D’après un communiqué de presse de la Commission européenne du 20 juillet : 

Contexte

Le rapport annuel sur l’état de droit est le fruit d’un dialogue étroit avec les autorités nationales et les parties prenantes et couvre tous les États membres, sur une base objective et impartiale, en examinant les mêmes aspects. L’évaluation qualitative réalisée par la Commission se concentre sur les évolutions importantes intervenues depuis l’adoption du premier rapport sur l’état de droit et garantit une approche cohérente par l’application d’une méthode identique à tous les États membres, tout en restant proportionnée à ces évolutions. Le contenu et la méthodologie de l’édition 2021 sont les mêmes que dans le premier rapport annuel sur l’état de droit, qui a été adopté en septembre 2020.

Le rapport est au cœur du mécanisme de protection de l’état de droit. Ce mécanisme est un cycle annuel visant à promouvoir l’état de droit et à prévenir l’apparition ou l’aggravation de problèmes. L’objectif est de mettre l’accent sur l’amélioration de la compréhension et de la connaissance des problèmes et des évolutions importantes, ainsi que de recenser les défis liés à l’état de droit et d’aider les États membres à trouver des solutions avec le soutien de la Commission et des autres États membres. Il permet aussi aux États membres d’échanger leurs bonnes pratiques, de dialoguer et de tirer des enseignements de leurs expériences respectives.

L’objectif du mécanisme est la prévention. Il est distinct des autres éléments de la panoplie de l’UE en matière d’état de droit et vient compléter, mais sans les remplacer, les mécanismes prévus par le traité pour permettre à l’UE de de résoudre des problèmes plus sérieux liés à l’état de droit dans les États membres. Parmi ces outils figurent les procédures d’infraction et la procédure visant à protéger les valeurs fondatrices de l’Union au titre de l’article 7 du traité sur l’Union européenne.

Il existe également un lien étroit avec les politiques de l’UE visant à relancer l’économie: des systèmes judiciaires robustes, un cadre solide de lutte contre la corruption et un système législatif clair et cohérent, la protection des intérêts financiers de l’UE et une croissance durable. Il s’agit d’un moteur essentiel pour le fonctionnement des instruments de l’UE qui promeuvent les réformes structurelles dans les États membres.

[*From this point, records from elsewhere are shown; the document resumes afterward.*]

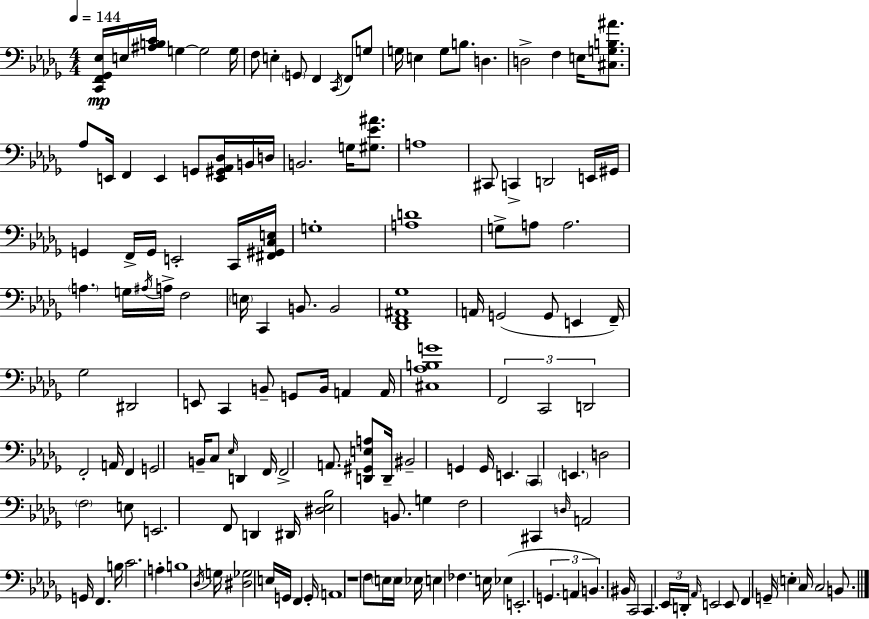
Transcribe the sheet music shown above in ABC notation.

X:1
T:Untitled
M:4/4
L:1/4
K:Bbm
[C,,F,,_G,,_E,]/4 E,/4 [^A,B,C]/4 G, G,2 G,/4 F,/2 E, G,,/2 F,, C,,/4 F,,/2 G,/2 G,/4 E, G,/2 B,/2 D, D,2 F, E,/4 [^C,G,B,^A]/2 _A,/2 E,,/4 F,, E,, G,,/2 [E,,^G,,_A,,_D,]/4 B,,/4 D,/4 B,,2 G,/4 [^G,_E^A]/2 A,4 ^C,,/2 C,, D,,2 E,,/4 ^G,,/4 G,, F,,/4 G,,/4 E,,2 C,,/4 [^F,,^G,,C,E,]/4 G,4 [A,D]4 G,/2 A,/2 A,2 A, G,/4 ^A,/4 A,/4 F,2 E,/4 C,, B,,/2 B,,2 [_D,,F,,^A,,_G,]4 A,,/4 G,,2 G,,/2 E,, F,,/4 _G,2 ^D,,2 E,,/2 C,, B,,/2 G,,/2 B,,/4 A,, A,,/4 [^C,_A,B,G]4 F,,2 C,,2 D,,2 F,,2 A,,/4 F,, G,,2 B,,/4 C,/2 _E,/4 D,, F,,/4 F,,2 A,,/2 [D,,^G,,E,A,]/2 D,,/4 ^B,,2 G,, G,,/4 E,, C,, E,, D,2 F,2 E,/2 E,,2 F,,/2 D,, ^D,,/4 [^D,_E,_B,]2 B,,/2 G, F,2 ^C,, D,/4 A,,2 G,,/4 F,, B,/4 C2 A, B,4 _D,/4 G,/4 [^D,_G,]2 E,/4 G,,/4 F,, G,,/4 A,,4 z4 F,/2 E,/4 E,/4 _E,/4 E, _F, E,/4 _E, E,,2 G,, A,, B,, ^B,,/4 C,,2 C,, _E,,/4 D,,/4 _A,,/4 E,,2 E,,/2 F,, G,,/4 E, C,/4 C,2 B,,/2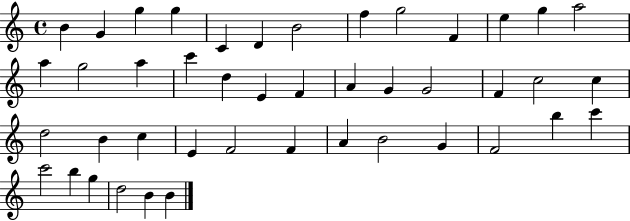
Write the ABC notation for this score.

X:1
T:Untitled
M:4/4
L:1/4
K:C
B G g g C D B2 f g2 F e g a2 a g2 a c' d E F A G G2 F c2 c d2 B c E F2 F A B2 G F2 b c' c'2 b g d2 B B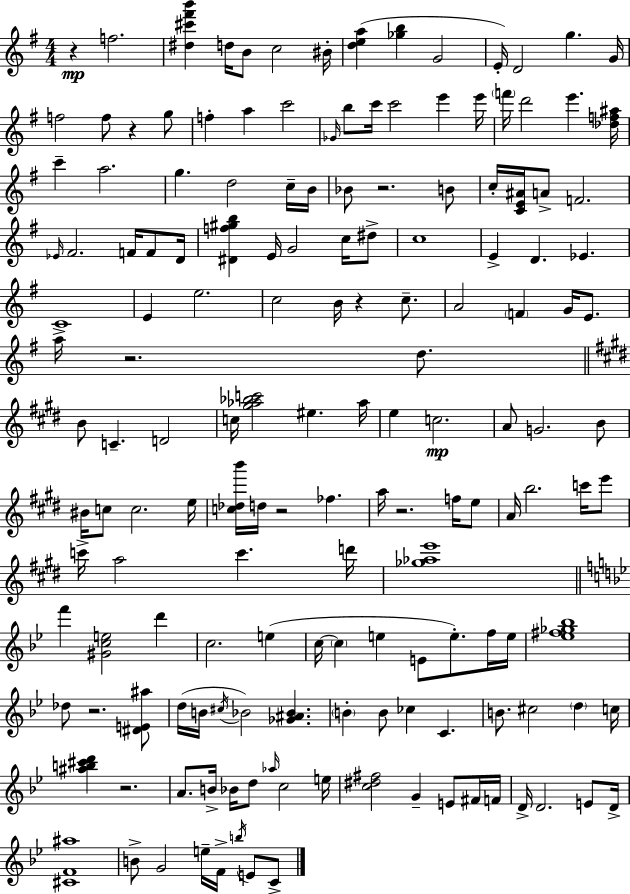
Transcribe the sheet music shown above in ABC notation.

X:1
T:Untitled
M:4/4
L:1/4
K:Em
z f2 [^d^c'^f'b'] d/4 B/2 c2 ^B/4 [dea] [_gb] G2 E/4 D2 g G/4 f2 f/2 z g/2 f a c'2 _G/4 b/2 c'/4 c'2 e' e'/4 f'/4 d'2 e' [_df^a]/4 c' a2 g d2 c/4 B/4 _B/2 z2 B/2 c/4 [CE^A]/4 A/2 F2 _E/4 ^F2 F/4 F/2 D/4 [^Df^gb] E/4 G2 c/4 ^d/2 c4 E D _E C4 E e2 c2 B/4 z c/2 A2 F G/4 E/2 a/4 z2 d/2 B/2 C D2 c/4 [^g_a_bc']2 ^e _a/4 e c2 A/2 G2 B/2 ^B/4 c/2 c2 e/4 [c_db']/4 d/4 z2 _f a/4 z2 f/4 e/2 A/4 b2 c'/4 e'/2 c'/4 a2 c' d'/4 [_g_ae']4 f' [^Gce]2 d' c2 e c/4 c e E/2 e/2 f/4 e/4 [_e^f_g_b]4 _d/2 z2 [^DE^a]/2 d/4 B/4 ^c/4 _B2 [_G^A_B] B B/2 _c C B/2 ^c2 d c/4 [^ab^c'd'] z2 A/2 B/4 _B/4 d/2 _a/4 c2 e/4 [c^d^f]2 G E/2 ^F/4 F/4 D/4 D2 E/2 D/4 [^CF^a]4 B/2 G2 e/4 F/4 b/4 E/2 C/2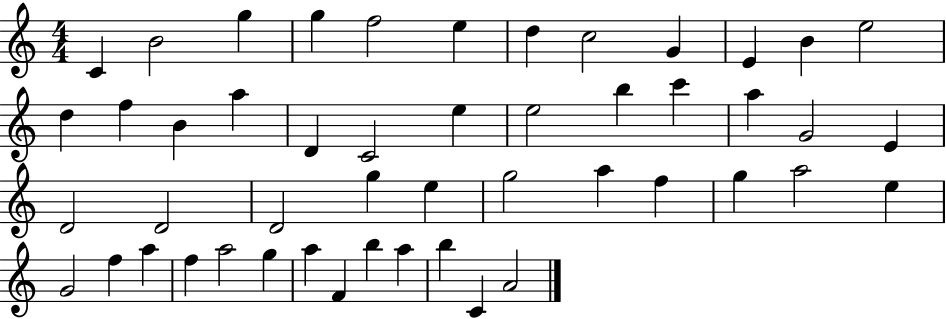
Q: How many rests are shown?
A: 0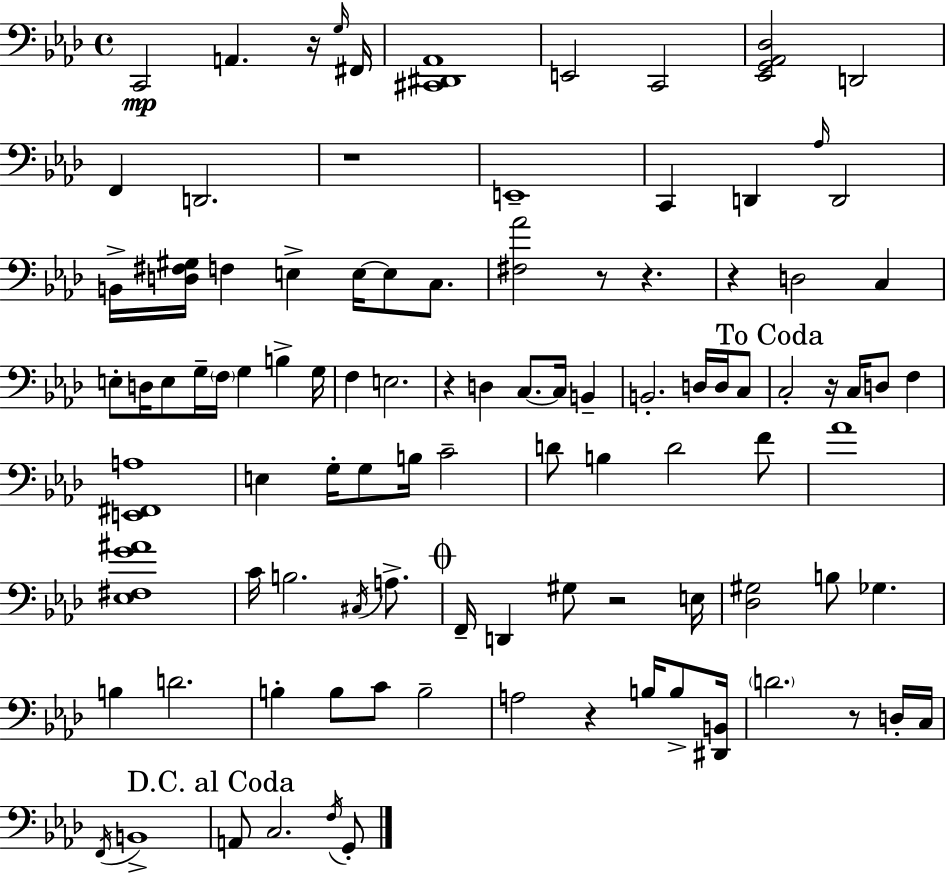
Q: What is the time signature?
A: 4/4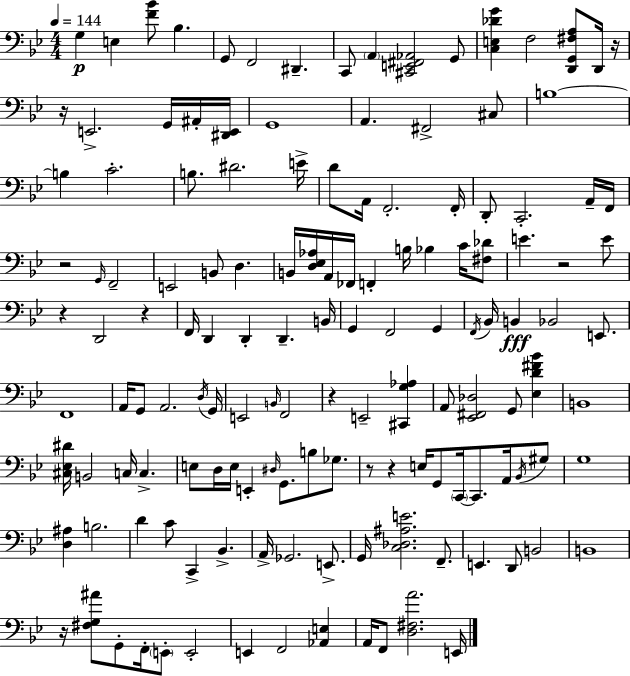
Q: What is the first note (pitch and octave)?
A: G3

La Commission européenne a publié le 20/07/2021 son second rapport sur l’état de droit dans l’Union, avec une communication portant sur la situation globale dans l’UE et des chapitres individuels consacrés à chacun des États membres. Le rapport de 2021 passe en revue les changements intervenus depuis septembre 2020; il approfondit l’évaluation des problèmes signalés dans le rapport précédent et prend en compte l’incidence de la pandémie de COVID-19. Dans l’ensemble, le rapport fait apparaître de nombreuses évolutions positives dans les États membres, notamment dans ceux qui s’emploient à remédier aux difficultés qui avaient été relevées dans le rapport de 2020. Des préoccupations demeurent toutefois, et dans certains États membres, elles sont devenues plus aiguës en ce qui concerne l’indépendance du pouvoir judiciaire et la situation dans les médias. Dans le rapport, la Commission souligne aussi la forte résilience des systèmes nationaux pendant la pandémie de COVID-19, qui a également illustré l’importance de pouvoir maintenir un système d’équilibre des pouvoirs préservant l’état de droit.

Vera Jourová, vice-présidente chargée des valeurs et de la transparence, a déclaré: «Le rapport sur l’état de droit est un précieux outil préventif qui a stimulé le débat, nécessaire, entre les États membres et d’autres acteurs. Cette seconde édition montre que les États membres peuvent réaliser des progrès dans la résolution des problèmes d’état de droit. Ces progrès ont cependant été inégaux et des sujets de préoccupation existent dans plusieurs États membres, en particulier quant à l’indépendance du pouvoir judiciaire. De plus, deux journalistes ont été assassinés ces derniers mois; c’est inacceptable. Dans le rapport, la Commission appelle à prendre des mesures fortes en faveur d’une plus grande liberté et d’un pluralisme accru des médias. Nous souhaitons qu’au cours des douze prochains mois, les résultats du rapport de 2021 viennent enrichir les débats entre les États membres dans leurs efforts pour renforcer l’état de droit.»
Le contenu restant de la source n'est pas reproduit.